All methods that need to be "exported" are marked as virtual, and the layout is what you would expect: the 3 methods on top that make this a COM class, plus the 2 methods that are proxying the calls to the library's File class.

AddRef and Release are standard refcounting methods - these will be called by Mono as needed when you invoke things that end up creating objects of this type. I'm just returning fixed values here, but it's important to note that when Release makes the refcount go to 0, the object should be released.

QueryInterface allows Mono's COM interop layer to figure out if a pointer can be cast to a specified type - via behind the scenes magic (and a little code), it enables a dynamic type system. This example is very simple and doesn't use inheritance, but with a complex binding you'll certainly have inheritance, and there is where QueryInterface comes in, for instance allowing for upcasts if your COM class inherits from several different classes.

You'll notice in the C# interface below that it is marked with a Guid - this id is unique to every class, and your C++ class definition should also have the same id. When QueryInterface is invoked, the id argument is the Guid of the type you want to cast to, so you can check if your C++ class is of the correct type by comparing ids, or if it is a subclass and you need to cast the result (or you don't support it at all, in which case you'd return null).

The C# interface

[Guid ("00000000-0000-0000-0000-000000001111")]
[InterfaceType (ComInterfaceType.InterfaceIsUnknown)]
[ComImport()]
public interface COMFile {
  [PreserveSigAttribute]
  [MethodImpl (MethodImplOptions.InternalCall, MethodCodeType = MethodCodeType.Runtime)]
  int Open();

  [PreserveSigAttribute]
  [MethodImpl (MethodImplOptions.InternalCall, MethodCodeType = MethodCodeType.Runtime)]
  int Close();
}

"Wait a minute... where are the 3 methods?", I can hear you thinking. Well, on the C# side you don't need them. The interface is marked ComImport(), so Mono already knows it's a COM class and it will add them for you, no questions asked. The C# interface only needs the definitions of the methods you want to access, and nothing else.

Putting it all together

Now that you have all your definitions in place, the only thing you need is to get a reference to a COMFile object. For this you're going to need to add a P/Invoke call to a C function on your proxy code that gives you a pointer to an instance of that class. You only need to do that for top level objects, because any objects that are returned via COM calls are directly available to you.

C++ proxy library

extern "C" {
  COMFile* getptr() {
    return new COMFile (new File ());
  }
}

C# test app

[DllImport ("myglue")]
[return:MarshalAs(UnmanagedType.Interface)]
static extern COMFile getptr();

public static void Main() {
  COMFile file = getptr();
  int return = file.Open();
  ...
}

And there you go, the "file" variable is now talking to your COM class which is proxying all calls directly to your library. The glue code is very straightforward and can be easily autogenerated.

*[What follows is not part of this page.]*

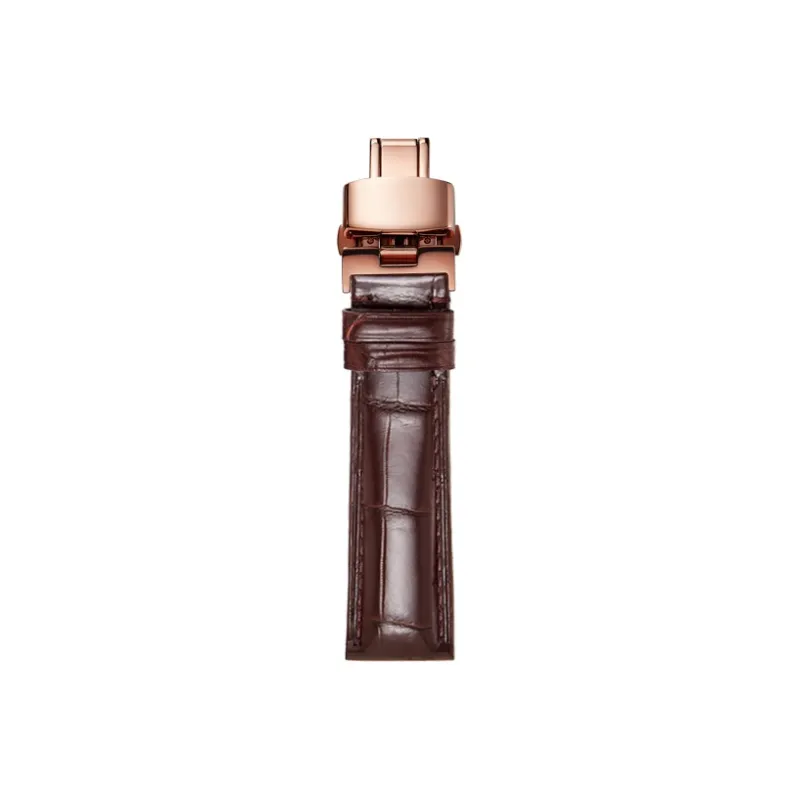 SHIRUI Minimalist Style American Alligator Double-Face Material Watch Bands 13-24mm Unisex-15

You can download a complete working sample here:
comtest-0.1.tar.gz
comtestsharp-0.1.tar.gz

Build and install both packages to the same prefix, then go to $prefix/lib/ and do " ln -s comtestsharp/* . ". Then just do"mono comtestsharp.exe" and you should see the output of the Open and Close calls.

Update: BTW, neither QI nor AddRef/Release are actually implemented properly in this little sample. The unused parameter "id" is the Guid that is getting requested, and QI should always check it against the current instance.